# Herding groups in Michigan



## Linda xanda (Feb 15, 2010)

My next project is to learn how to do herding with my dog. Does anyone know of any herding groups in Michigan preferrable anywhere from Detroit area down to Indiana?
Or even Indiana?
Would like to take my dog to a herding group to train.
Thanks!


----------



## Daryl Ehret (Apr 4, 2006)

email Diane Wright at [email protected]

She lives in Battle Creek MI, and would know.

Just be prepared to be told from others that everything you learn and work for doesn't amount to crap, because the only kind of herding that really tests a dog's ability is HGH herding, as sanctioned by the SV, and there's only one place to do that on the east coast, with a two year waiting list. Better to "know somebody" and send your dog for it's title, rather than train it yourself, according to some people.

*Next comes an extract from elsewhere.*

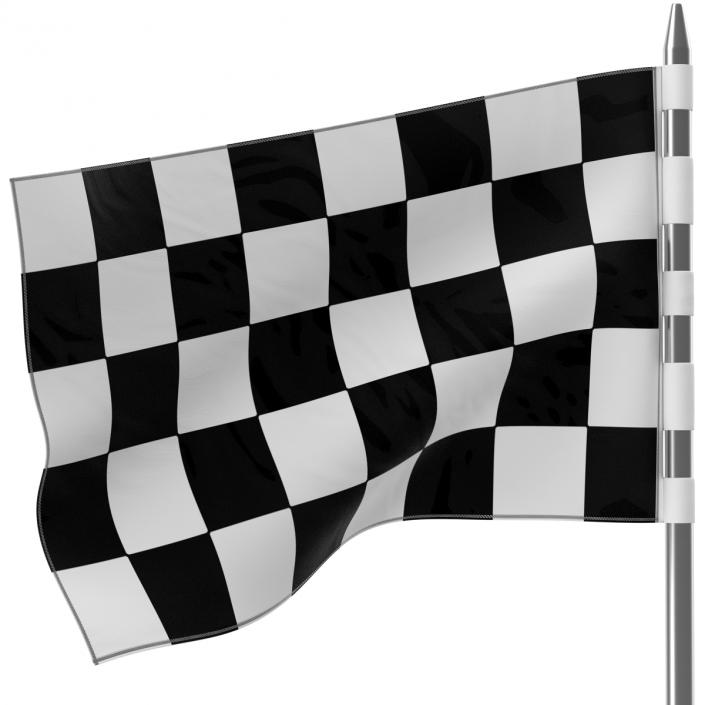 3D Racing Flag 5 model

If you just want to have fun, and enjoy working with your dog, then ignore the politics and superiority complex of the HGH'ers.


----------



## Bob Scott (Mar 30, 2006)

Daryl Ehret said:


> email Diane Wright at [email protected]
> 
> She lives in Battle Creek MI, and would know.
> 
> ...



AND BC herders!  :-# :wink:


----------



## James Downey (Oct 27, 2008)

Daryl Ehret said:


> email Diane Wright at [email protected]
> 
> She lives in Battle Creek MI, and would know.
> 
> ...


And actually herding on a real farm.


----------



## Terrasita Cuffie (Jun 8, 2008)

Good lord. You guys are gonna scare the poor woman off. Its been years since I saw Diane and I realize she''s part of C Course and tending now but when I started whe was working a wonderful A Course dog--HCH Chelsea. BC folks are usually limited to working BCs but there are a few that could have a clue about other breeds. Ask a lot of questions such as how they handle gripping behavior; breeds worked and to what levels; etcl. 

Terrasita


----------



## Linda xanda (Feb 15, 2010)

Daryl Ehret said:


> email Diane Wright at [email protected]
> 
> She lives in Battle Creek MI, and would know.
> 
> ...


ok, I will email her.
hehehehe.... I figure there is always politics

I contacted the usa site and they said yes the east coast has a HGH club.
So, does WDA have anything. Unforunetly, my computer is messed up and I can not view pdf files. sucks.
But, really i would be interested. My dog is hell in the house and outside always herding and nipping it is driving me nuts she would be a great candidate to practice with.
I just don't know where to begin. 
Live sheep would be great and a farm , hehehe...
She is not far maybe about 45 minutes. not sure, thanks for the info!!!


----------



## Daryl Ehret (Apr 4, 2006)

Diane is pleasant, with an odd sense of humor. You could probably pay her in peanut m&m's.


----------



## Linda xanda (Feb 15, 2010)

Daryl Ehret said:


> Diane is pleasant, with an odd sense of humor. You could probably pay her in peanut m&m's.


peanut m&m's , funny.
She wrote to me and asked me what kind of dog, I haven't heard from her again.
maybe she is busy this week. If you can think of any others let me know.


----------



## Thomas Barriano (Mar 27, 2006)

Linda xanda said:


> My next project is to learn how to do herding with my dog. Does anyone know of any herding groups in Michigan preferrable anywhere from Detroit area down to Indiana?
> Or even Indiana?
> Would like to take my dog to a herding group to train.
> Thanks!


HI Linda

Check out this video recently put on You tube by Ulf Kintzel
the only UScA HGH herding club founder. It is supposed to be part of a series of herding training vids

http://www.youtube.com/watch?v=8LS7i-Takc0


----------



## Bob Scott (Mar 30, 2006)

That group of videos is great. 
I'm always amaized at the HGH sheep as much as the dogs. I can't imagine working sheep that let a dog get that close without heading for another county.


----------



## Linda xanda (Feb 15, 2010)

Thomas Barriano said:


> HI Linda
> 
> Check out this video recently put on You tube by Ulf Kintzel
> the only UScA HGH herding club founder. It is supposed to be part of a series of herding training vids
> ...


Oh thanks I will check this out.
I got in touch with her and she is very nice person. She said she will help me. I really ready to try something new. I just want to have fun and let my dog enjoy herself.
thanks everyone!!


----------



## Linda xanda (Feb 15, 2010)

Thomas Barriano said:


> HI Linda
> 
> Check out this video recently put on You tube by Ulf Kintzel
> the only UScA HGH herding club founder. It is supposed to be part of a series of herding training vids
> ...


those are amazing videos looks so easy for them


----------



## Terrasita Cuffie (Jun 8, 2008)

I would love to see how he progresses them from moving up and down the fence to no fence.

Terrasita


----------